Chapter 23

twenty-three

Mother cuts a sharp figure against the soft glow of the chamber. Her face pinches, and though she is a small thing, her anger swarms around us like oil. Bram rolls off the bed, hastening for his buttons and the slack buckle of his belt.

“I—gods below and above,” he sputters, cheeks more alive and burning than I have ever seen them. Bram brushes fingers through his hair.

“Get out.” Mother’s voice is as sharp as cut steel. “Now.”

Bram takes a step forward, mouth open, gathering courage. “Mistress Thorn, if I could just—”

“I don’t give a damn about what you could or could not do, Mr. Avery. I said get out.” She kicks the door open wider, and Rascal whines. “And take that mangy creature with you.”

I open my mouth to protest, collect myself just enough to ask her to stop, but when I sit up higher on the bed, my voice squeaks. “Mother, please—”

“I don’t enjoy being ignored,” she snaps. The edge in her voice frightens me more than the darkness seeping into the chamber. “Take that dog, Mr.
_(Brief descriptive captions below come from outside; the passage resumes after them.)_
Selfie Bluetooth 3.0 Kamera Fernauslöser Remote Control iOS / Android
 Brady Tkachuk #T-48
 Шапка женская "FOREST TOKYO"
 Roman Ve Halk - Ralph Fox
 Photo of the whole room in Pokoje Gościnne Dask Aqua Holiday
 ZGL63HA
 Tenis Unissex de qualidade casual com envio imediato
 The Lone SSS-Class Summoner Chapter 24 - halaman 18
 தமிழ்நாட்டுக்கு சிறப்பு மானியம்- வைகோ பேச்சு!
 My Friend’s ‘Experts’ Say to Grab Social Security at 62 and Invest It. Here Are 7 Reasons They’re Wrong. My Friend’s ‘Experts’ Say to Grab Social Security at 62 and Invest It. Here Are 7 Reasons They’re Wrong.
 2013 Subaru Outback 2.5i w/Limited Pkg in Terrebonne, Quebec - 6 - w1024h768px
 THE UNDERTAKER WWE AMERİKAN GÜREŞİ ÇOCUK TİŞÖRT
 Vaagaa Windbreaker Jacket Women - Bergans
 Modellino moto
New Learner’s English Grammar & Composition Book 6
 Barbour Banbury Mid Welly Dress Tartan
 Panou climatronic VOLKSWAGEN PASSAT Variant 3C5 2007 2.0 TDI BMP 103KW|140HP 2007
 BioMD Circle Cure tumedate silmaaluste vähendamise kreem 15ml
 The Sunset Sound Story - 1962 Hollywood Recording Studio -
Avery, and get out of my daughter’s room.”

Bram’s eyes dart to me, begging me to open my mouth, to tell her off, to beg for him to stay. But I can’t come up with anything. My body tenses like a freshly strung bow.

“I’ll see you at the party, Bram.”

There is betrayal in his face when he hurries across the room and past Mother, Rascal behind him.

My stomach folds, and once more, I am just a girl wilting in the presence of someone who thinks they know what is best for me.

But when do I get to make that decision?

When is it time for my voice to be loudest?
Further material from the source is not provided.